A capitalist system is only one of three systems composing the free society. The economic system is checked and regulated by both of the other two systems: by the institutions of the political system and by the institutions of the moral/cultural system. Capitalism does not operate in a moral vacuum. Those who fail to live up to the moral standards implicit in its own structure are corrected by forces from outside it. Thus, capitalism supplies only some of the moral energy present in the free society as a whole. There are moral energies in the democratic polity to call it to account. And there are moral energies in families, in the churches, in journalism, in the cinema, in the arts, and throughout civic society to unmask its failings and to call it to account.

This is as it should be. For the free society is not constructed for saints. There are not enough saints on earth to people a free society.
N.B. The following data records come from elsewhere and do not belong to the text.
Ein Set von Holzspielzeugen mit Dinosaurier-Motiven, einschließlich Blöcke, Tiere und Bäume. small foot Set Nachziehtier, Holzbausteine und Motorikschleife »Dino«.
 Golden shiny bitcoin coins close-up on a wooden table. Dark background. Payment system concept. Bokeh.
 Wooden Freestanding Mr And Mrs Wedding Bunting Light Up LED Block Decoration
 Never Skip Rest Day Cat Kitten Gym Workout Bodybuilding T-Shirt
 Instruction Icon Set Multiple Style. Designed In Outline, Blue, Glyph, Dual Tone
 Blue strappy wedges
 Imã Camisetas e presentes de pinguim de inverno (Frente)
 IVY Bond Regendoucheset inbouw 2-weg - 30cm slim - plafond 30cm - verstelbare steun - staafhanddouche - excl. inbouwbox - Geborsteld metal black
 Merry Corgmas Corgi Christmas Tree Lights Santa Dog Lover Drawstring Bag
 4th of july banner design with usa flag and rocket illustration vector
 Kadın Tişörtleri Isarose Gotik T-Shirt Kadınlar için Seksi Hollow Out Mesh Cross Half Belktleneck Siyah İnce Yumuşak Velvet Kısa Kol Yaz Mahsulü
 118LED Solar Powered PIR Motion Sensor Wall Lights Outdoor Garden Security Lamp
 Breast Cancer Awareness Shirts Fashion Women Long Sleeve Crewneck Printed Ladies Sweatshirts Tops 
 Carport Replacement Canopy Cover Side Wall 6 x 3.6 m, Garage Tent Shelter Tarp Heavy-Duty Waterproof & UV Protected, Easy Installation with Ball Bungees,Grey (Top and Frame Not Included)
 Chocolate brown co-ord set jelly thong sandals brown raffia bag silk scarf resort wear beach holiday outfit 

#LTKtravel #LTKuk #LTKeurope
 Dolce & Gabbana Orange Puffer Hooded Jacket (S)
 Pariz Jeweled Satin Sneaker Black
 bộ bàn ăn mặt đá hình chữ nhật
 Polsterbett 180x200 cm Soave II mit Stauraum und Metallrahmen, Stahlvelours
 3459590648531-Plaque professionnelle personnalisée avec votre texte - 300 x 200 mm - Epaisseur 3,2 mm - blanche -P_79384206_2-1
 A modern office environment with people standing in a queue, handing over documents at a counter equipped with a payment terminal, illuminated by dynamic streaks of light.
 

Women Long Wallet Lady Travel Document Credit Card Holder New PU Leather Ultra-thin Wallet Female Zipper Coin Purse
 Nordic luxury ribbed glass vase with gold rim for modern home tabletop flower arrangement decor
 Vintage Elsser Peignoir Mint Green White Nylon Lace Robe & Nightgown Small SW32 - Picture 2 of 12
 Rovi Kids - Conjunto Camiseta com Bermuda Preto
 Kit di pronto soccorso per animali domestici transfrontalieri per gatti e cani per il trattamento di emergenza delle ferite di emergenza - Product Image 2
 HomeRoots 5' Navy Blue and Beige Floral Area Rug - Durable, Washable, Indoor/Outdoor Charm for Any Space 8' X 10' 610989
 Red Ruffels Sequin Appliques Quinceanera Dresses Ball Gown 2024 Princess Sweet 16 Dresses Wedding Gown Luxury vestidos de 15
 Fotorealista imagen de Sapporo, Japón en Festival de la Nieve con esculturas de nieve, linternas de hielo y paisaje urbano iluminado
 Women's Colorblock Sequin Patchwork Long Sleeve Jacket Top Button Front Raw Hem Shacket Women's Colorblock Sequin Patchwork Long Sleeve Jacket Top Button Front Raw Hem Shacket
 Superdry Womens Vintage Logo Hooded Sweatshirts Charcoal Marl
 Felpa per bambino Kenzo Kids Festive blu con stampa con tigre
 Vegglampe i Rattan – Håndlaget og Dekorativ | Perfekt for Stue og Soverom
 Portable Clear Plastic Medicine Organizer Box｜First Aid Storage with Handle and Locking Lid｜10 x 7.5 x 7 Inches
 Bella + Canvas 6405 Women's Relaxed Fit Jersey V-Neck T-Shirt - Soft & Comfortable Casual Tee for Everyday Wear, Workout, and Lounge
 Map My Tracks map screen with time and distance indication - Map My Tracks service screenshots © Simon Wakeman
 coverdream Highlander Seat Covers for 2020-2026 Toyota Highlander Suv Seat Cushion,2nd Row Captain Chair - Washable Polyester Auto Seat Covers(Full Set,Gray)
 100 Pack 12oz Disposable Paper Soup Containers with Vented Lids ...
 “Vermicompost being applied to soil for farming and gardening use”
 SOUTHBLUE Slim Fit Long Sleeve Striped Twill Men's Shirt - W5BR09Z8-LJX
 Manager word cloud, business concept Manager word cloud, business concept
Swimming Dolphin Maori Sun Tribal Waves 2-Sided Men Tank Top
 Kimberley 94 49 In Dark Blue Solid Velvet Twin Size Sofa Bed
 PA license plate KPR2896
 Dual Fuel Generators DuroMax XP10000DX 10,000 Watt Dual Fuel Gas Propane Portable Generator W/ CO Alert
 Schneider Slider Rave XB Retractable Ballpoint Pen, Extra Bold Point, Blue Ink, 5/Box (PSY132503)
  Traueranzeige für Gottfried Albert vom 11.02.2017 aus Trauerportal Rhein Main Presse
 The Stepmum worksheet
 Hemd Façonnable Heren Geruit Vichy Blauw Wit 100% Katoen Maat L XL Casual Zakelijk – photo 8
A free society must make do with the only moral majority there is — all those citizens called to a noble destiny, indeed, but often weak, tempted, egocentric and quite imperfect. In imagining the free society of the future, it is important not to be utopian. This century has built too many graveyards in its so-called utopias. The citizens of the 2lst century will warn one another against the mistakes of the 20th.

In addition to systemic checks and balances, there must also be internal checks. James Madison wrote that it is chimerical to imagine that a free republic can survive without the daily practice of the virtues of liberty. A free society depends upon habits of responsibility, initiative, enterprise, foresight, and public spiritedness. It depends upon plain, ordinary, kitchen virtues. Citizens who are dependent, passive, irresponsible, and narrowly self-interested will badly govern their own conduct, and their project of self-government is bound to fail.

It is, therefore, a crucial act of statesmanship to identify and nourish the cultural habits indispensable to the practice and survival of liberty. The free society cannot be made to thrive on the basis of any set of moral habits at all. Where citizens are corrupt, dishonest, halfhearted in their work, inert, indifferent to high standards, willing to cheat and to steal and to defraud, eager to take from the public purse but unwilling to contribute to the commonweal, and entirely self-aggrandizing, self-government must fail. Many peoples of the world, in fact, have shown themselves incapable of making the institutions of liberty work. The road to liberty, Tocqueville warned, is a long one, precisely because it entails learning the habits of liberty. Not any habits at all will do. The road is narrow and the gate is strait.

From "Wealth & Virtue: The Moral Case for Capitalism", National Review Feb. 18, 2004.